**** MATERIALS PROVIDED ****
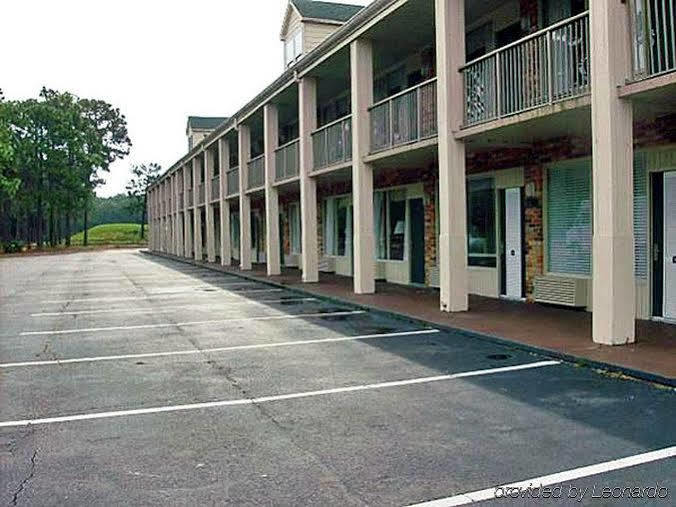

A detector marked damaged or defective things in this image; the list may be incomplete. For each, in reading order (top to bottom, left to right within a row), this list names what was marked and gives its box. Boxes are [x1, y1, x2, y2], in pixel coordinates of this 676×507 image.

parking lot crack [11, 450, 37, 506]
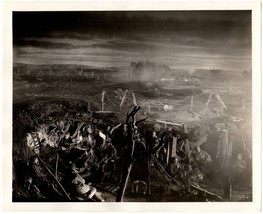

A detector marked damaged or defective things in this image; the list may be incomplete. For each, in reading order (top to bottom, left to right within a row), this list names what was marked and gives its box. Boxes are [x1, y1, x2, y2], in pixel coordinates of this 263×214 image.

war-torn terrain [12, 61, 254, 202]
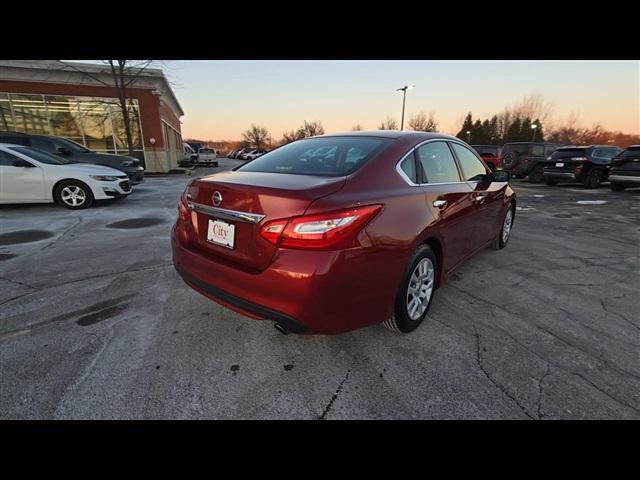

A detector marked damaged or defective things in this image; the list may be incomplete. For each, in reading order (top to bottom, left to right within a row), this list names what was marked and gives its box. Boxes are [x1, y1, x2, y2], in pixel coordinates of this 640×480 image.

pavement crack [318, 368, 352, 420]
pavement crack [472, 332, 532, 418]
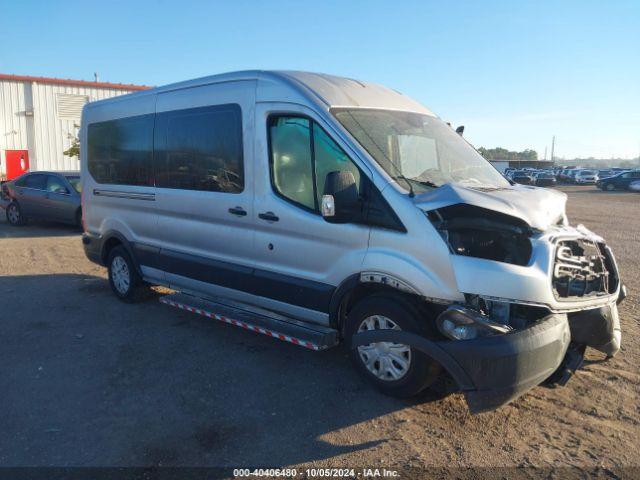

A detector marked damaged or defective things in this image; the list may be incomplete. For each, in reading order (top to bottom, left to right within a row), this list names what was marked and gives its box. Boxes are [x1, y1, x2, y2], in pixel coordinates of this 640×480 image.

damaged front end [404, 184, 624, 412]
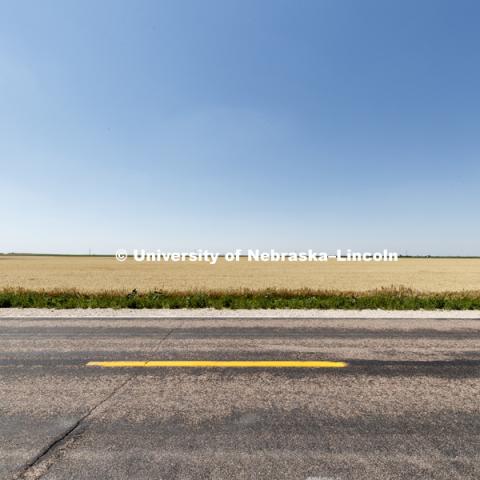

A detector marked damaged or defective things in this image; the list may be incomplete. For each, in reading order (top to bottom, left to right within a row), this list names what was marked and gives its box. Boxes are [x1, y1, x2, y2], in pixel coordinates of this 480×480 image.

crack in asphalt [13, 324, 182, 478]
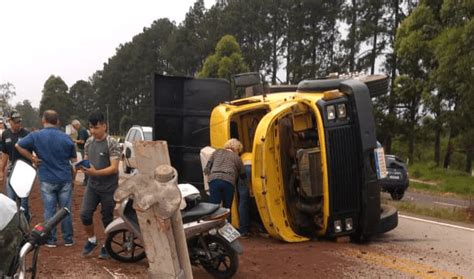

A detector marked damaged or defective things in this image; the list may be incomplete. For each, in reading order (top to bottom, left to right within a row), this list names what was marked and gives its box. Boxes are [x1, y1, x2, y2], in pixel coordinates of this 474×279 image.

overturned yellow truck [154, 74, 398, 243]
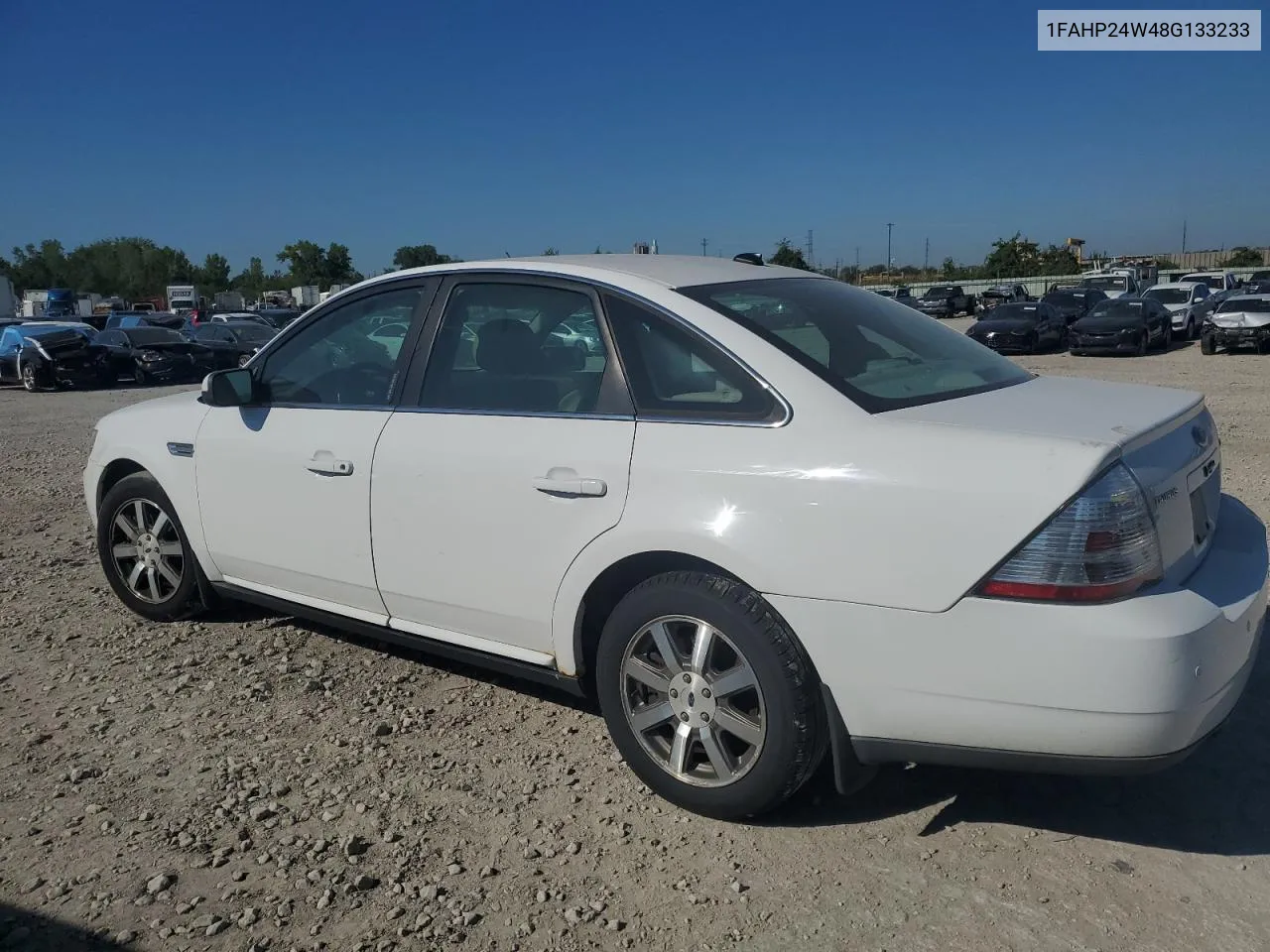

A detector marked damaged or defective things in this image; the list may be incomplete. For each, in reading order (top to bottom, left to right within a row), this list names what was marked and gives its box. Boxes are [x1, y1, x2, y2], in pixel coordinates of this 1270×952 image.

damaged vehicle [0, 321, 109, 393]
damaged vehicle [1199, 294, 1270, 353]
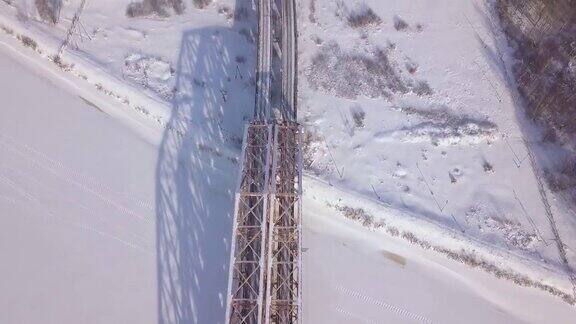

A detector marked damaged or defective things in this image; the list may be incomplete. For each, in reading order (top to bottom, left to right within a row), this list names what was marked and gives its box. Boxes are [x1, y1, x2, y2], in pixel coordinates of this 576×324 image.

rusty metal structure [226, 0, 304, 324]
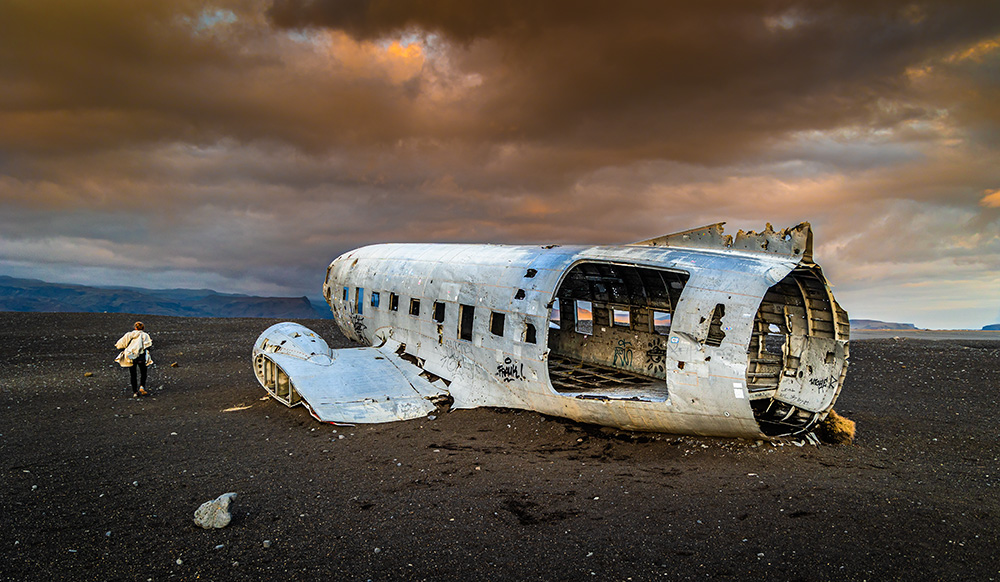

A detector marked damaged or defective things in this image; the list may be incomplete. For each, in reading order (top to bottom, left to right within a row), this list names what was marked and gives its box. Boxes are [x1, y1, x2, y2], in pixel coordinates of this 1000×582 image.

torn metal wing [254, 324, 450, 424]
crashed airplane fuselage [254, 224, 848, 438]
peeling aircraft paint [254, 224, 848, 438]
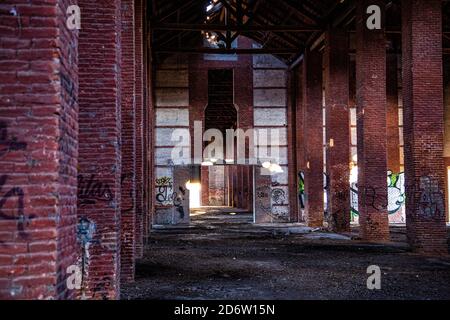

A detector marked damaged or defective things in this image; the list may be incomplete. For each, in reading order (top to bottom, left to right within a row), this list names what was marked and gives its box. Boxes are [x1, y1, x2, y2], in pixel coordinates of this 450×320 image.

plaster peeling wall [155, 55, 190, 225]
plaster peeling wall [251, 53, 290, 222]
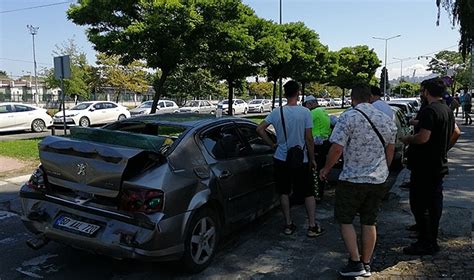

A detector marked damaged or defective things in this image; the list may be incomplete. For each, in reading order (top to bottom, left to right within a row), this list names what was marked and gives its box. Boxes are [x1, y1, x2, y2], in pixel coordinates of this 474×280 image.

damaged silver car [19, 113, 278, 272]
****
Copy nothing except the lines from the one holding "this 474×280 image." through the last line of the data above, and return them exactly.

A detector marked damaged or defective things in this image; the list may be incomplete. For each, in reading order (top to bottom, left to right within a row), this list names what was marked and gives its box. Boxes are [x1, y1, x2, y2], in pixel coordinates of this 474×280 image.

damaged silver car [19, 113, 278, 272]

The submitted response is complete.